With our heroes Sam Wilson (Anthony Mackie) and Bucky Barnes (Sebastian Stan) tracking the activities of a faction of terrorists/freedom fighters going by the name of Flag-Smashers (a hilarious name, still), the two are turned on to the group’s apparent super soldier fighters and look for some unsavory company in aid of their search. Baron Zemo (Daniel Brühl) has been locked up since the events of Captain America: Civil War, in which he was revealed to be working old Hydra connections and the manipulator of Bucky during his time as the brainwashed Winter Soldier. Their link to the international underworld, Bucky and Sam lock arms with Zemo for a jaunt about the black market community of Madripoor, hoping to pick up a lead on the Flag-Smashers and their super-powered connections. Shootouts, stabbings, and the like follow.
So, with that attention to logic in mind, it was with bemusement that I watched Sam and Bucky seemingly snap their fingers and extradite Zemo from a maximum-security prison just like that. Funnier still is that Zemo, an international terrorist responsible for literally bombing the UN, strips from his prison skin and returns to a private jet and butler, as if his fortune wouldn’t be pined and confiscated. It’s straight-up silly.
I’ll reiterate once again that yes, you’re probably not watching The Falcon and the Winter Soldier to figure out the government’s policy on seizing supervillain assets. But the inconsistency with which this and other MCU works approach their stories and logic becomes grating. The plot moves as slow or as fast as the writers will it, so long as we can end up at a punchy barroom brawl or an edgy shootout in a container yard.
The third episode feels especially ludicrous in how, just as some irritating, cocky scientist (Olli Haaskivi) is spilling his Super Soldier Serum secrets (the drug that birthed Captain America, and now the Flag-Smashers, is literally called that) to the gang, explosions take over as arbitrary thugs pop up for an action scene. Or when an undercover rendezvous amidst the off-the-grid criminal community of Madripoor is just a showcase for some “humor” at the expense of Sam, undercover as an eccentric criminal, ultimately culminating in some asinine punch-fest.
The Madripoor scenes, in particular, felt like a poor man’s John Wick and feeling this as I was watching felt validating to learn the episode was written by Derek Kolstad, the creator of the powerhouse Keanu franchise. Something about Marvel must be holding Kolstad’s punches because John Wick this ain’t.
Much in the way the first episodes wore me down, The Falcon and the Winter Soldier is just weighed down by cliched dialogue and a lack of a strong narrative. The Flag-Smashers continue to be off in their own scenes, the enigmatic young leader Karli Morgenthau (Erin Kellyman) clearly a “villain” with a heart, she and her goons liberating supplies from armed government camps to distribute to the needy. Whereas Sam and Bucky see super soldiers running rampant, we see a Robin Hood cause, with the obvious implication being that there’s going to be a bigger fish to fry by the time our boys catch up with the Flag-Smashers.

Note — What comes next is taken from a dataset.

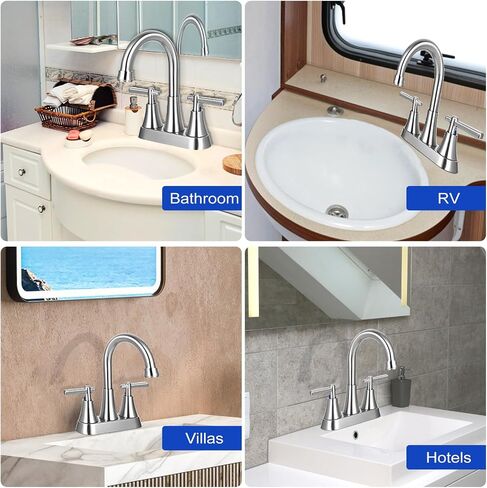 Bathroom Faucet, Bathroom Sink Faucet 3 Hole 4 Inch, Stainless Steel Lead-Free 2 Handles Centerset, with Pop-up Drain and 2 Supply Hoses for Bathroom RV Villas Vanity in Saudi Arabia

But with lines like “It’s pushing you off the deep end,” The Falcon and the Winter Soldier isn’t getting by on its character work. Stan and Mackie are solid enough in their roles, but the irritated odd couple banter amidst gunfire only holds up for laughs and “character development” for so long. I simply don’t see a resolution in which The Falcon and the Winter Soldier ends up slotting into the MCU canon as a cherished entry.

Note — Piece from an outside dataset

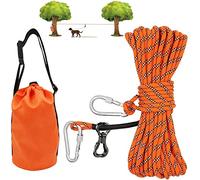 XiaZ Dog Tie Out Cable for Camping, 75ft Portable Overhead Trolley System for Dogs up to 200lbs，Dog Lead for Yard, Camping, Parks, Outdoor Events,5 min Set-up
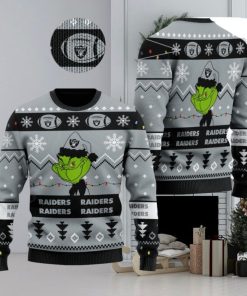 Las Vegas Raiders American NFL Football Team Logo Cute Grinch Ugly Christmas Sweater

Sure, we’ll likely wind up seeing some development over the controversial mantle left by Steve Rogers, with the new Captain America shoes filled by the gung-ho and green John Walker (Wyatt Russell) who, by the way, is relegated to mere moments of treading the tracks left by Sam and Bucky this episode. But Walker being benched in the narrative so quickly after the show made such a faux-big deal out of his unworthiness in the second episode is indicative of Falcon and the Winter Soldier‘s predictability and safe, boring story. Track down some paramilitary goofballs who aren’t so bad after all, and string us along for the big bad who we really ought to care about…but only once we reach the finale.